Developed by Russian Imperial Army Captain Sergei Mosin and Belgian firearms wonk Léon Nagant, the M91 Vintovka Mosina was a steel and arctic birch-clad beast that stood as tall as the Ivan who carried it – especially when topped by its always present no-nonsense spike bayonet. Designed to equip the largest army in the world at the time, the humble Mosin uses a strong turn-bolt-action fed from a five-round internal box magazine that could be charged with stripper clips and was innovative in its day, coming only a few years after the revolutionary M1885 Remington–Lee rifle.
The Mosin was an instant hit, replacing the Russian Army’s single-shot .42-caliber Berdan rifle systems and even older Krnka pattern guns adopted just after the Crimean War.
Chambered in 7.62x54R, which was also developed in 1891, the original Mosin-Nagants utilized Imperial Russia’s old Tsarist measurement system, with sights calibrated in “arshins” rather than meters, feet or yards, and the caliber measured in “liniyas” rather than millimeters or fractions of an inch. As such, the M91 was originally described as the “3-line rifle,” after its chamber bore.
With the first guns made in France by Chatellerault (makers of the Lebel rifle) in 1891, the gun later went into production in at least three factories in the Motherland. During the Great War, with the Tsar’s legions swelling from 3 million to 15 million men, domestic production fell hopelessly behind and millions of additional Mosins were ordered from Westinghouse and Remington in the U.S. — of which few were delivered before the Bolsheviks came to power and pulled Russia out of the conflict.
Still, the Mosin, with its first world war behind it, was revamped into the more modern and easier to produce M91/30 model in 1930, with new production guns crafted to the updated specification and legacy models in Soviet armories upgraded to the same standard.
This is the rifle that the majority of Stalin’s “frontoviks” carried with them from the gates of Moscow to the streets of Berlin during what the Russians still term the Great Patriotic War, known in the west just as WWII.
The M91/30 Mosin-Nagant model, which first went into production in the Soviet Union in the 1930s and was retrofitted to older guns in the Red Army’s arsenal, is among the most common Mosin that we have in the Vault, with over a dozen typically in stock at any given time. They are easily identified from the older M91 models as they have sights graduated in meters and a round receiver rather than the older octagonal or hex receivers.
In the tail end of WWII, the Soviets again updated the then 50-year-old M91 Mosin-Nagant design, making the short M44 series rifle. Whereas the M91/30 originally had a 29-inch barrel, the M44, a carbine-length rifle, had a 20-inch barrel and carried a side-folding spike bayonet.
Another variant that has been making its way to U.S. shores is the M91/59, which are typically older M91/30 rifles that were given the M38/M44 treatment sans the folding bayonet.

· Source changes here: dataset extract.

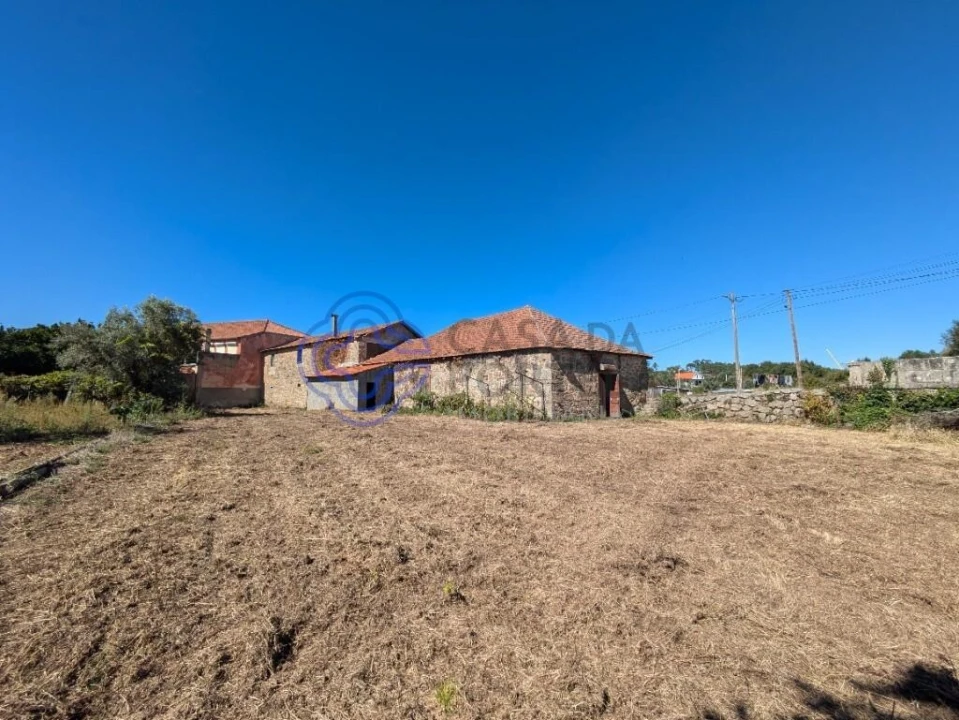 Negócio para Venda em São Miguel do Outeiro e Sabugosa Foto 8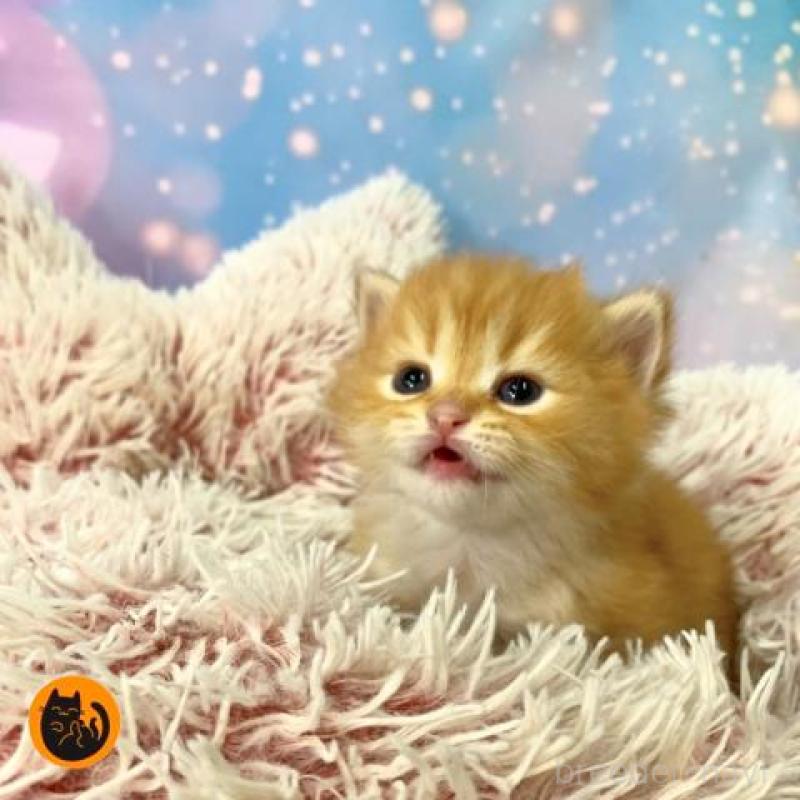 販売中の大阪府のスコティッシュフォールド-135975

These are called “KGB” guns as their use and design, created in 1959 — long after the Soviets had gone to the Kalashnikov series rifles — is somewhat shrouded in mystery but is thought to have been used by KGB border guards.

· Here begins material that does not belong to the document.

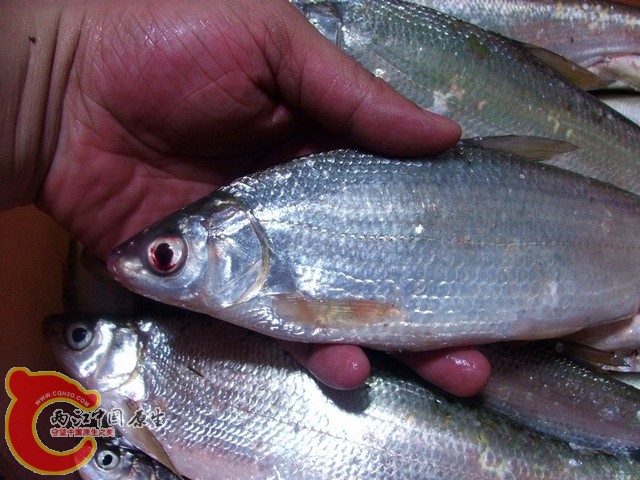 照片 014.jpg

With over 37 million assorted Mosins cranked out since 1891, the guns have been produced everywhere from France, Russia and the U.S. to Poland (by Radom), Finland (by Sako and VKT), Hungary (by FEG), Romania, and elsewhere. In Communist China, the gun was adopted as the Type 53 before the People’s Liberation Army went SKS and AK.

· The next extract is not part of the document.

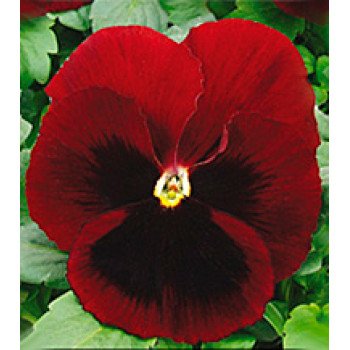 Віола Династія Red Blotch /500 насінин/ *Kitano Seeds*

Still regularly encountered around the globe from parades in Red Square to Third World hotspots in the Middle East and Latin America, the Mosin remains in factory production in Russia by Molot for sporting purposes. Here in the states, even though the days of cheap crates of 91/30s fresh off the boat after a recently thawed Cold War seem to be in the rearview, the “Nugget” has proved popular with collectors and shooters.